Police raid humanitarian group's offices near border

The Polish police have been accused of "intimidation" after officers, some of them reportedly carrying rifles, raided the offices of a a humanitarian group working on the Polish-Belarusian border.

Warsaw's Klub Inteligencji Katolickiej (KIK) established a humanitarian aid point in the village of Gródek in eastern Poland to help migrants who have crossed into Poland from Belarus.

Jakub Kiersnowski, the Warsaw KIK head, told the online portal onet.pl on Thursday that armed police, including officers carrying rifles, had entered the aid point on Wednesday night and kept searching the premises for the whole night, seizing two computers and a phone.

According to Kiersnowski, a dozen police cars arrived at the scene.

"We'll demand the return of the equipment as we need it to continue our work of helping people whose lives and health are in danger," Kiersnowski told Onet.
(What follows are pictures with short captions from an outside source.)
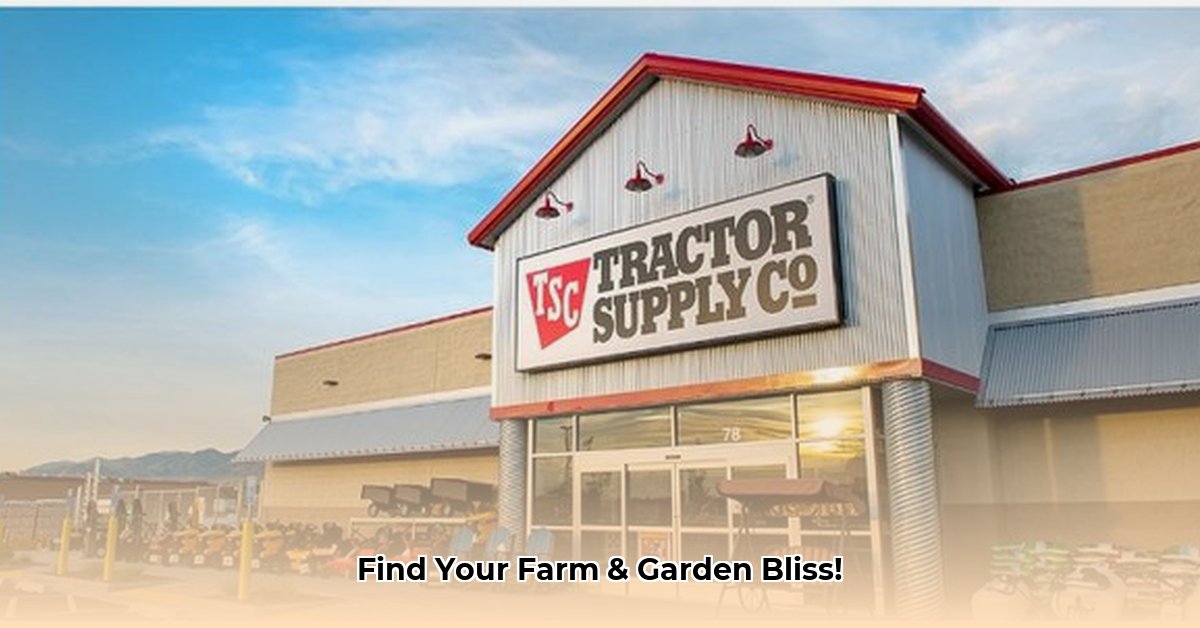 tractor-supply-brownwood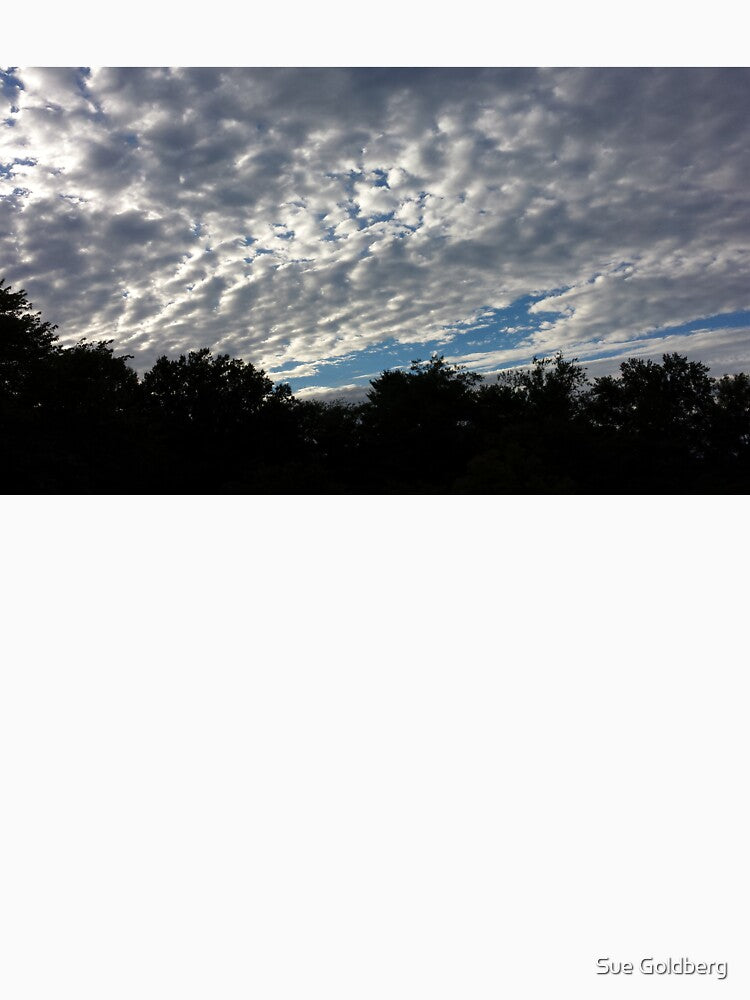 Cotton Balls In The Sky by Sue Goldberg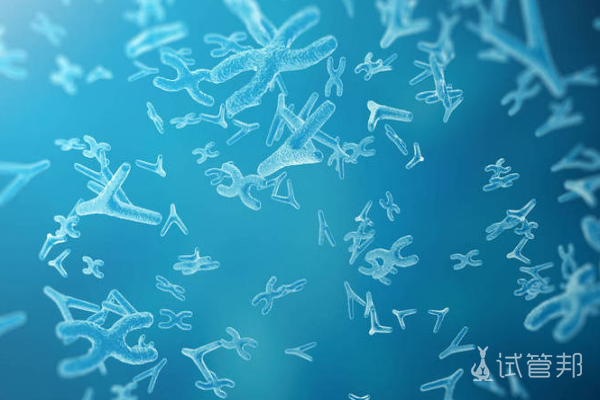 d306ab3faae6282db71f6a037237042a.png 性染色体异常翻盘几率大吗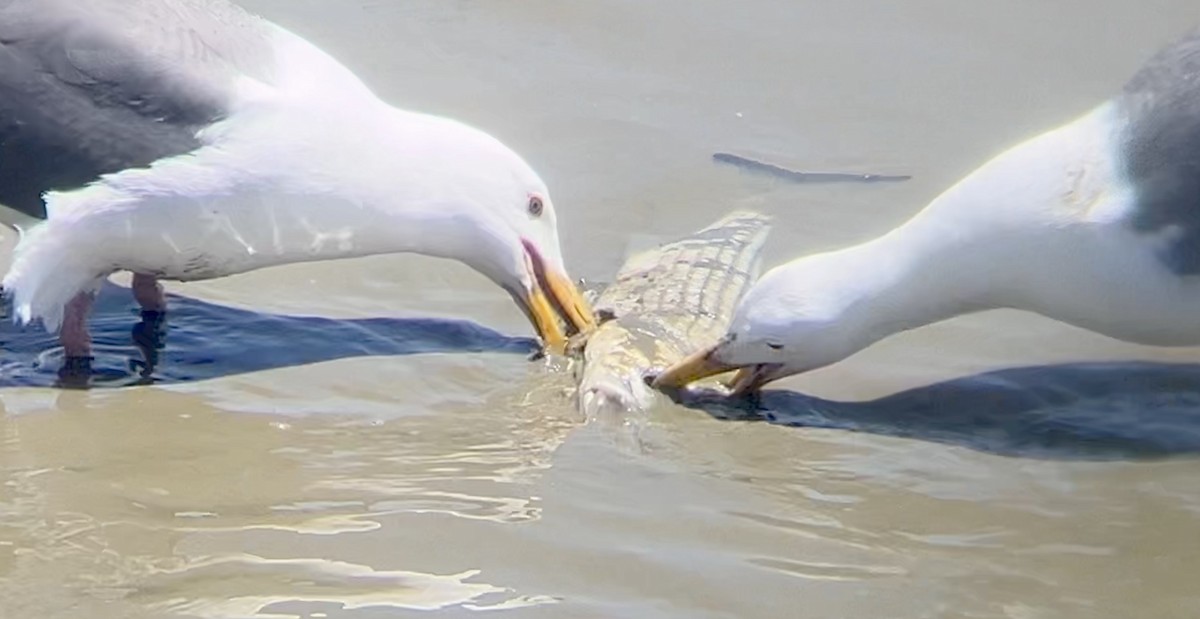 Western Gull - ML620367489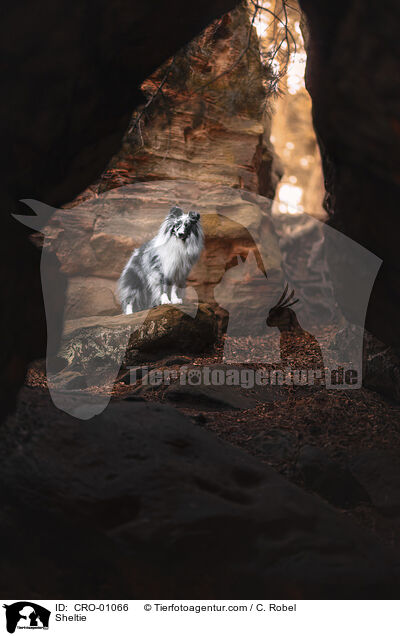 Sheltie / Sheltie / CRO-01066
He said the police operation was "perhaps an attempt to discourage" volunteers from activity near the border.

Grupa Granica, another NGO that helps migrants, wrote on Twitter in the early hours on Thursday: "Armed police have entered private property and volunteers are being interrogated. These actions are yet another attempt to intimidate people who provide humanitarian aid!"

But a spokesman for the regional police, Tomasz Krupa, told PAP on Thursday that the police had entered the NGO's offices "due to a suspected crime of facilitating illegal crossings of the border".

Krupa confirmed the police had seized the NGO's electronic equipment but said no-one had been detained in the operation.

The police spokesman declined to provide any further details as the investigation was "at an early stage".

Poland has been struggling to stem a wave of migrants, mainly from the Middle East and Africa, who had been invited to Belarus by the country's president, Alexander Lukashenko, under a false promise of easy access to the EU.

Many migrants have been stranded in the border area on the Belarusian side, but a number of them have managed to cross into Poland.

Some of those who succeeded have been, allegedly, pushed back into Belarus by the Polish Border Guard, only to be later encouraged or even threatened by Belarusian services to try their luck again, which often means days spent outside in temperatures below zero degrees Centigrade.

The migration crisis has been Lukashenko's retaliation for sanctions that Brussels imposed on Minsk for suppressing the Belarusian opposition, the Polish minority in the country and abuse of human rights.